Kodak has been as American as apple pie and Chevrolet—but Kodak is almost gone.

I recently read a very interesting article called “A Century On Film: How Kodak Succumbed To the Digital Age” by Ulrich Fichtner in Spiegel Online International.

In his article Fichtner shows how Kodak grew to be synonymous with the film industry over 132 years, how all of the Oscars from 1928 to 2008 were shot on Kodak film. In the 1970s, Kodak was making 90% of all of the U.S.’s film and 85% of the cameras.  In 1975, it was Kodak who developed the world’s first digital camera.

But around 1980, one of their own vice-presidents reported to the company that unless they made fundamental changes within about thirty years, everything that Kodak was doing would become obsolete and Kodak would be in danger of failing as a business.  That report must have sounded like words from another planet since the company was dominating, hugely profitable, and still growing.

Kodak never found its way into the digital age. The company tried out cheap digital cameras, making digital printers, apparently even thought about making wallpaper and sandpaper—since they were primarily a chemical company, but nothing really worked for them.

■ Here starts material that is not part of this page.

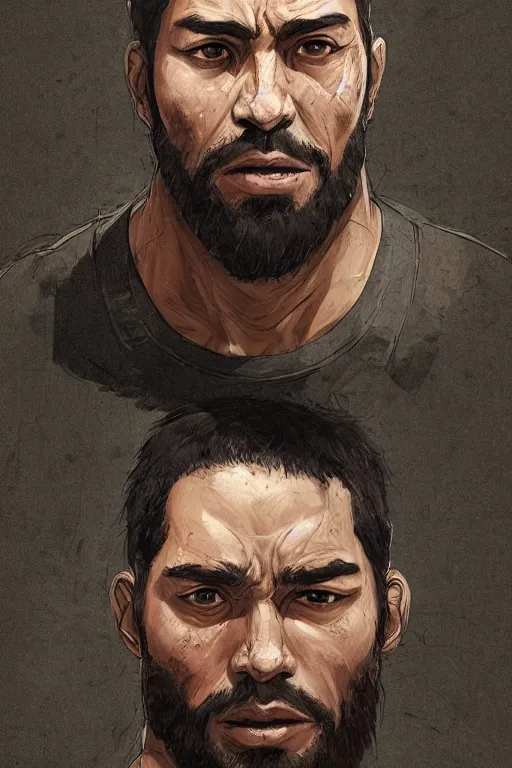 Image similar to very detailed portrait of a rugged man in his early thirties, strong jaws, latino features, wearing a black t - shirt, earthy color scheme, by wlop and krenz cushart and artem demura and artgerm, historical fiction, detailed eyes, starry background, trending, on artstation.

The author of this article then writes a very telltale sentence: Rochester was gripped by an understandable but still fatal attitude: They had given the world pictures from the surface of the moon, they reasoned, so someone else could give it wallpaper.”

I’m reminded of the Churches of Christ in the 1950s and 60s—the one that so many of our current elders and the most respected of our opinion leaders grew up in.  It was a booming religious group. We passed among ourselves statistics that described us as the fastest growing church in the United States. We were among the first groups into war-torn Europe, one of the last out of Saigon. Our Christian colleges had Olympic athletes, and we even had movie stars like Pat Boone who wouldn’t kiss anyone on screen! Those were glory years!

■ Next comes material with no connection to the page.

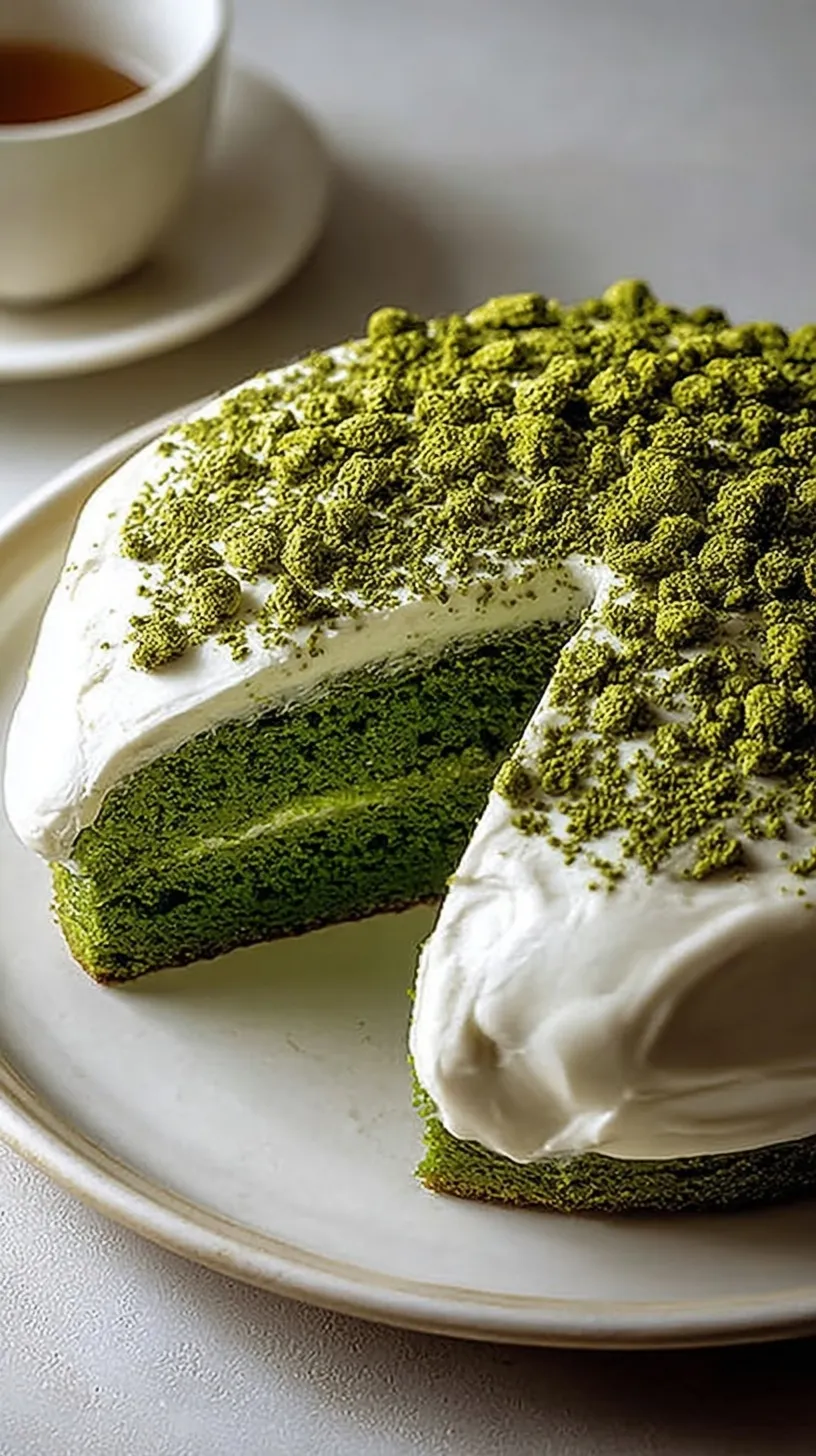A vibrant green layered sponge cake with matcha cream frosting on a white cake stand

The last twenty years don’t feel like glory years to me. We feel more like a group trying to re-invent itself, searching for something new that will make us relevant.  We tried to become charismatic for a while, but we apparently are too Lockian for that movement to transform us. We have tried and succeeded in joining the worship wars, with some of our best churches even turning instrumental as the key to the future.  Others of our fellowship are abandoning evangelism in favor of redeeming the poor and destitute of this world—a false dichotomy in my view!  Our attempts to re-invent ourselves seem pretty ineffective.

Are we having a bad Kodak moment?  Kodak has not been able to come up with a radical enough solution, so they have now gone into bankruptcy and survive only as a shadow of their former greatness.

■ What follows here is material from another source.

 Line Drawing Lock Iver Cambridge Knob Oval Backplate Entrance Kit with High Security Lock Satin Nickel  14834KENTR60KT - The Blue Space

The Church is not Eastman Kodak.  While Kodak founder George Eastman shot himself in the head in 1932, the founder of the Church is still very much alive!  Resurrection is crucial to His story and, therefore, should be to ours as well.

You probably don’t like it that I have jumped from talking about the Church of Christ to talking about Christ’s church—but I did that quite intentionally.

Our historical position—and that of our founder as well—is that there is only One Church!  I believe Churches of Christ gave that theological position up sometime in the 1970s. We decided that we were just another denomination, something much less than what we had believed ourselves to have been.

I know why we gave up our claim of singularity! We had been much too exclusive in our claims, thinking that the sign above the door and the mode of baptism—but especially our worship—made us so right that we were the only members of the church of Christ.  Most of us, however, since then have repented of our proud self-righteousness which was our sin.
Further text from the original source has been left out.